The fires of globalization are stoked by raw materials, not Hello Kitty bags, Barbie dolls and die-cast Ferraris.
A study by Dutch research outfit Dynamar makes an interesting point. Container shipping companies are generally credited with carrying the goods that enabled the trading network to span the globe.
Yet even though the products the box boats carry are made, assembled or finished in China and the other export-based economies of Asia, the materials used in their production are dug from the ground all around the world.
Iron ore and coking coal from Brazil, Australia, India and the US. Crude oil from Venezuela, Indonesia and the Middle East. Cotton from India, the US and Pakistan. A host of raw materials from Africa.
Without the breakbulk operators, the container ships would have nothing to stuff in their equivalent units.
Container ships with their neat boxes stacked high sailing into port cities have always been the clean face of shipping. The Brad Pitts of the business (although with the surcharge shenanigans and the overcapacity mess they are probably better described right now as the Tiger Woods of the industry).

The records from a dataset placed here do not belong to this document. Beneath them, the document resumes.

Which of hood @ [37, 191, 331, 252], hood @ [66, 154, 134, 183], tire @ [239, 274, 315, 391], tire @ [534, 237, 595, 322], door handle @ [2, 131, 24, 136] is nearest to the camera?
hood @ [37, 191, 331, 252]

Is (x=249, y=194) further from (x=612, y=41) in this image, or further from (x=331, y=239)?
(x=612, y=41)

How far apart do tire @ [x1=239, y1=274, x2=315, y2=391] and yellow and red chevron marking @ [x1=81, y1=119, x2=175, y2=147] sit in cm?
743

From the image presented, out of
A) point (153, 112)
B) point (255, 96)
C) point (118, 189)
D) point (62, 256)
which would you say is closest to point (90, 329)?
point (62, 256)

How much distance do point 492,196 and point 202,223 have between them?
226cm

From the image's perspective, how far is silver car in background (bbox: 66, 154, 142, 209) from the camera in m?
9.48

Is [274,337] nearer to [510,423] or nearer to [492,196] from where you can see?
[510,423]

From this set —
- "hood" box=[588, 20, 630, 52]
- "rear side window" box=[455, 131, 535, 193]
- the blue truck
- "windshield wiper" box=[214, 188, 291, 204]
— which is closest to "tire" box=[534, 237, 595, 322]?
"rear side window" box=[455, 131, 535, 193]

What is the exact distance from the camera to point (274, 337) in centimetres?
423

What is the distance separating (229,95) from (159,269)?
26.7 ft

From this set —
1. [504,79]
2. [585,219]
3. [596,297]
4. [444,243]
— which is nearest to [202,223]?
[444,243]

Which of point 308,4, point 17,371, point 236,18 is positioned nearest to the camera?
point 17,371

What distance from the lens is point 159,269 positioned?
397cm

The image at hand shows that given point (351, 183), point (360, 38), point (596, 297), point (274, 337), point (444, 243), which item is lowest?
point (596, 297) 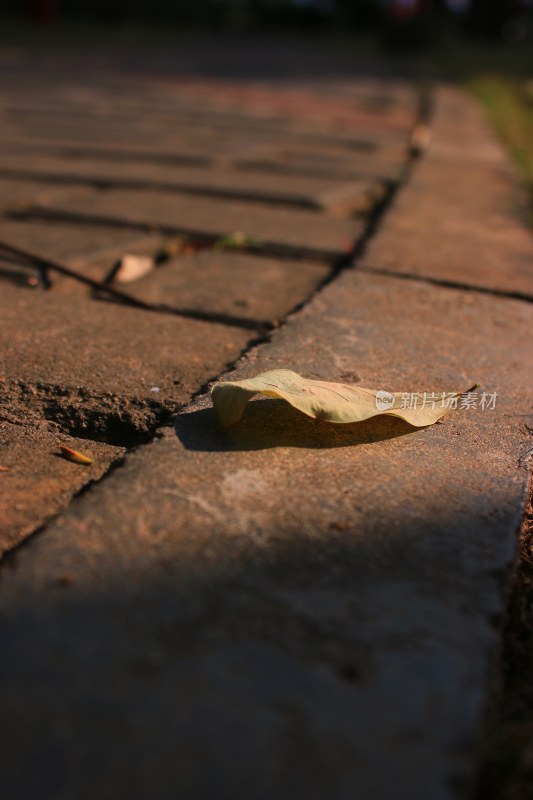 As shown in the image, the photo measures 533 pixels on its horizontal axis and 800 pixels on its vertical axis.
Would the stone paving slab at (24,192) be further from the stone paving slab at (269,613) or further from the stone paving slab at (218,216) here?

But the point is that the bulkers and tankers have been quietly getting on with the job of providing fuel for the globalization fire. China’s unquenchable thirst for raw materials improved the bottom lines of many bulk operators and charter rates went through the roof before the financial crisis.
The GFC, as the Aussies call it (Global Financial Crisis), put the brakes on the bulk business last year making it one to forget, but utilization is picking up and charter prices are again moving in the right direction.
Unlike the container business that newbuilt itself to a standstill, bulk shippers took a more conservative approach, and the result is that much of the fleet is over 25 years old. According to Dynamar, the bulk ship orderbook is currently at 25 percent of the global fleet. But if the ships older than 25 years were scrapped today, the orderbook would only replace 70 percent of the lost space.
That is not such a bad position to be in. China is signing gigantic contracts with raw material suppliers, and this will help keep bulkers full for the inbound leg. The country also exports materials such as bauxite, coke, fluorspar, silicon carbide and zinc, although quotas on the exports are limiting volumes.
But trade issues aside, globalization has created fierce competition for access to commodities and with most of the world’s manufacturing being done in Asia, breakbulk shipping lines are going to be in for a rosy few years.